'''

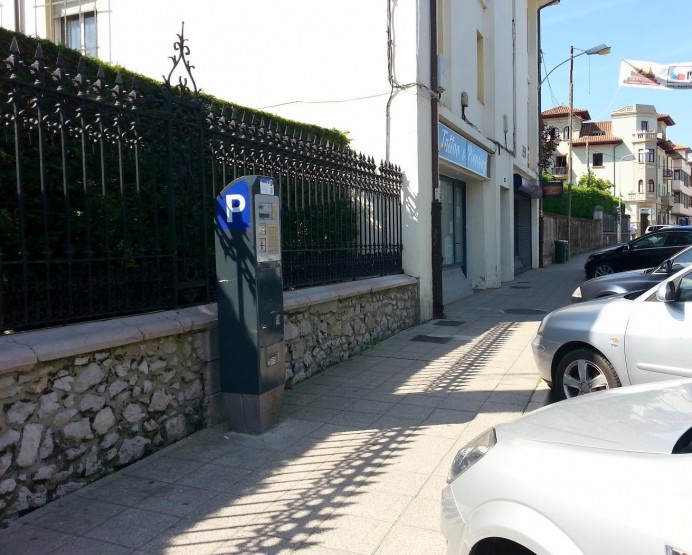 Zona Azul. Inicio verano 2016 - Concejo de Llanes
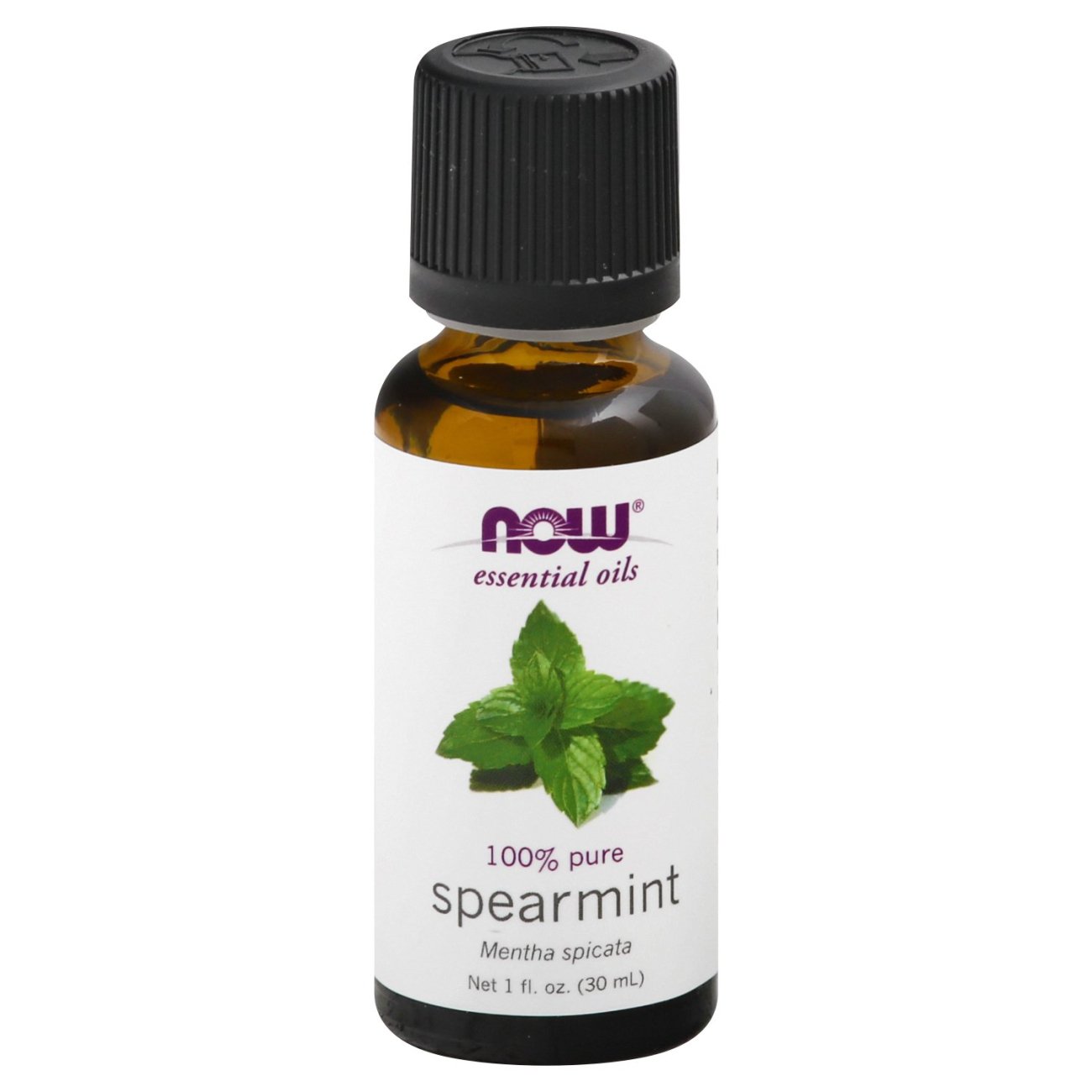 NOW 100 Pure Spearmint Essential Oil Shop Essential Oils at HEB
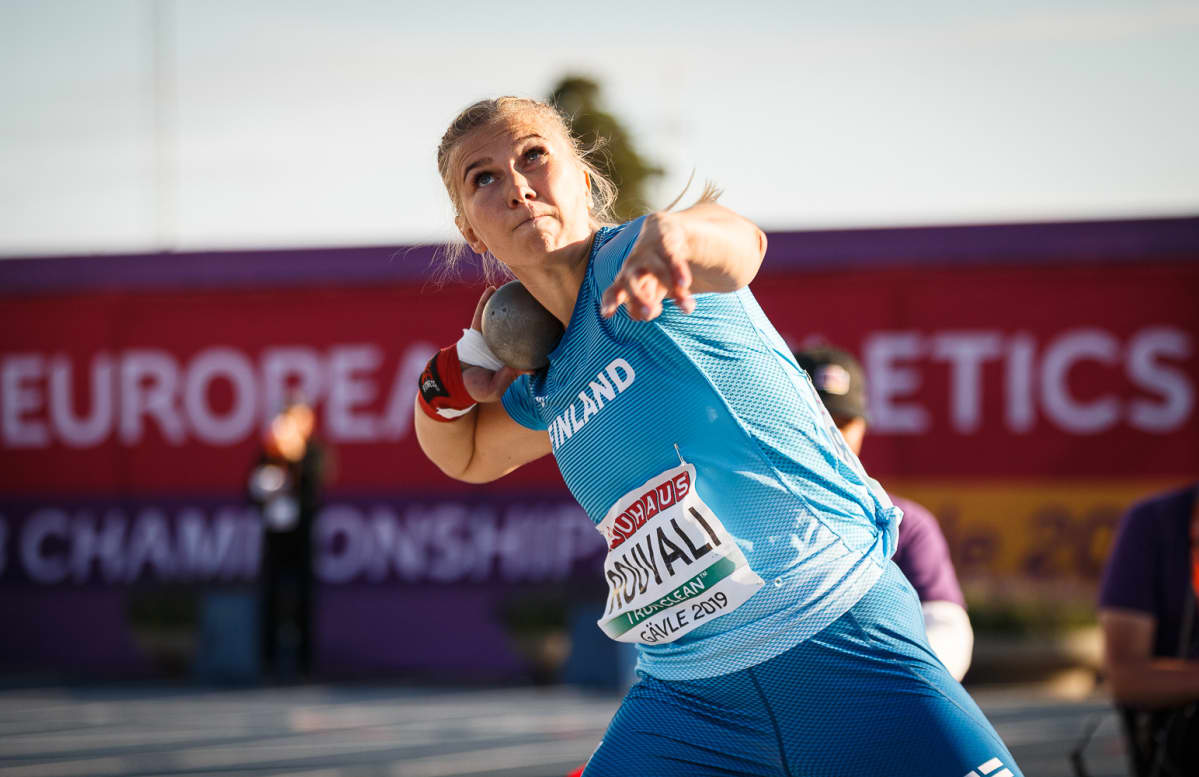 Eveliina Rouvali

'''

## WORK ITEM
Full copy, no pictures: write out each line of the data exactly as it stands.

## TASK OUTPUT
 Zona Azul. Inicio verano 2016 - Concejo de Llanes
 NOW 100 Pure Spearmint Essential Oil Shop Essential Oils at HEB
 Eveliina Rouvali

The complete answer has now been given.